Institute Alexander Fleming, Buenos Aires, Argentina.
Value Health Reg Issues. 2024 May;41:94-99. doi: 10.1016/j.vhri.2023.12.001. Epub 2024 Jan 29.
Non-small cell lung cancer (NSCLC) is Argentina's first cause of cancer death. Most patients have an advanced stage at diagnosis, with poor expected survival. This study aimed to characterize the health-related quality of life (HRQOL) and economic impact of patients treated in the private healthcare sector and compare it with that of the public sector.

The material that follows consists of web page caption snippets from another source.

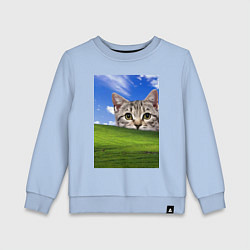 Свитшот хлопковый детский Кот и безмятежность в Windows XP, цвет: мягкое небо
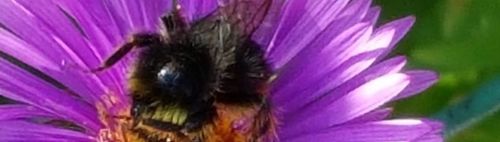 Karfreitags geschehen in München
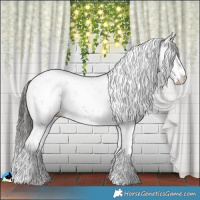 Horse Color:Brown Dun Mushroom Sabino Appaloosa Rabicano Brindle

We undertook an observational cross-sectional study that extended a previous study to a referral private center in Argentina. Outcomes included the EuroQol EQ-5D-3L (to assess HRQOL), Comprehensive Score for Financial Toxicity (financial toxicity instrument), Work Productivity and Activity Impairment - General Health (to assess productivity loss), and out-of-pocket expenses in adults diagnosed of NSCLC.

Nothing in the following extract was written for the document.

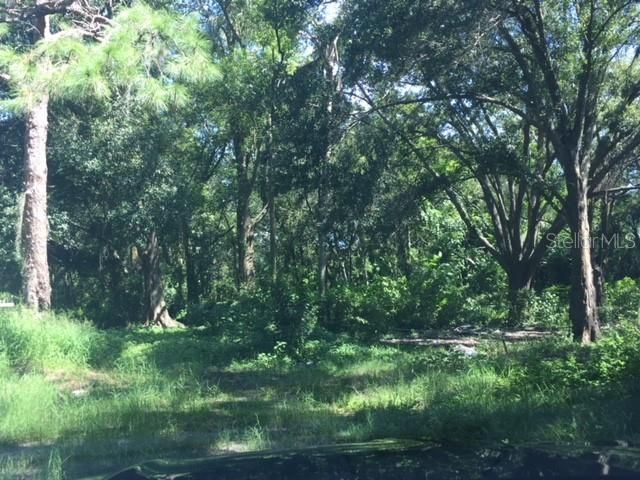 Recently Sold: $29,950 (0.91 acres)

We included 30 consecutive patients from a private healthcare center (July 2021 to March 2022), totaling 131 patients (n = 101 from previous public study). The whole sample had low quality of life and relevant economic impact. Patients in the private healthcare sector showed lower disease severity and higher educational level and household income. In addition, private healthcare system patients showed higher utility (0.77 vs 0.73; P < .05) and lower impairment of daily activities (41% vs 59%; P = .01). Private health system patients also showed lower financial toxicity as measured by the Comprehensive Score for Financial Toxicity score (23.9 vs 20.14; P < .05) but showed no differences when financial toxicity was assessed as a dichotomic variable.

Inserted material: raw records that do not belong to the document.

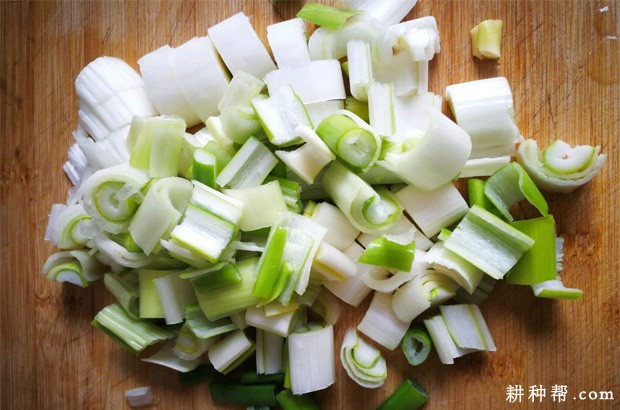 吃大葱的好处和坏处是什么? 吃大葱的好处和坏处是什么?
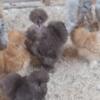 Silkie & Satin Chickens(all ages and feather type)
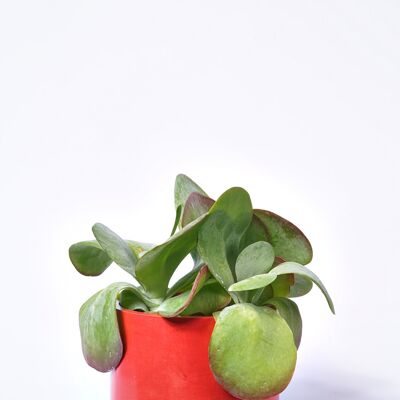 XXL POT - Colored concrete indoor plant pot - Red Concrete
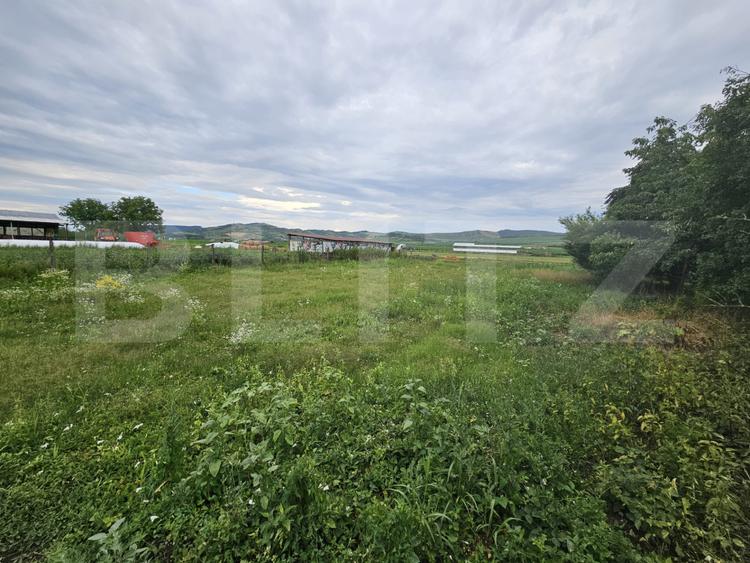 Casă de vanzare, 94 mp, teren intravilan 2.698 mp, Cisteiu de Mureș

Although patients with NSCLC treated in a private healthcare center in Argentina showed a relevant HRQOL and economic impact, this impact was smaller than the one observed in publicly funded hospitals.
非小细胞肺癌(NSCLC)是阿根廷癌症死亡的首要原因。大多数患者在诊断时已处于晚期,生存预期较差。本研究旨在描述私营医疗保健部门治疗的患者的健康相关生活质量(HRQOL)和经济影响,并将其与公共部门进行比较。
我们进行了一项观察性横断面研究,将之前的研究扩展到阿根廷的一家转诊私立中心。结果包括欧洲五维健康量表 3 级(EQ-5D-3L)(评估 HRQOL)、综合财务毒性评分(财务毒性工具)、工作生产力和活动障碍-一般健康(评估生产力损失),以及 NSCLC 确诊成人的自付费用。
我们纳入了一家私营医疗中心的 30 名连续患者(2021 年 7 月至 2022 年 3 月),共计 131 名患者(来自之前的公共研究 n = 101)。整个样本的生活质量和经济影响都较差。私营医疗保健部门的患者疾病严重程度较低,教育程度和家庭收入较高。此外,私营医疗保健系统的患者表现出更高的效用(0.77 对 0.73;P <.05)和更低的日常活动障碍(41%对 59%;P =.01)。综合财务毒性评分(23.9 对 20.14;P <.05)也显示出较低的财务毒性,而当财务毒性作为二分变量评估时,没有差异。
尽管阿根廷私营医疗保健中心治疗的 NSCLC 患者表现出显著的 HRQOL 和经济影响,但这一影响小于公共资助医院观察到的影响。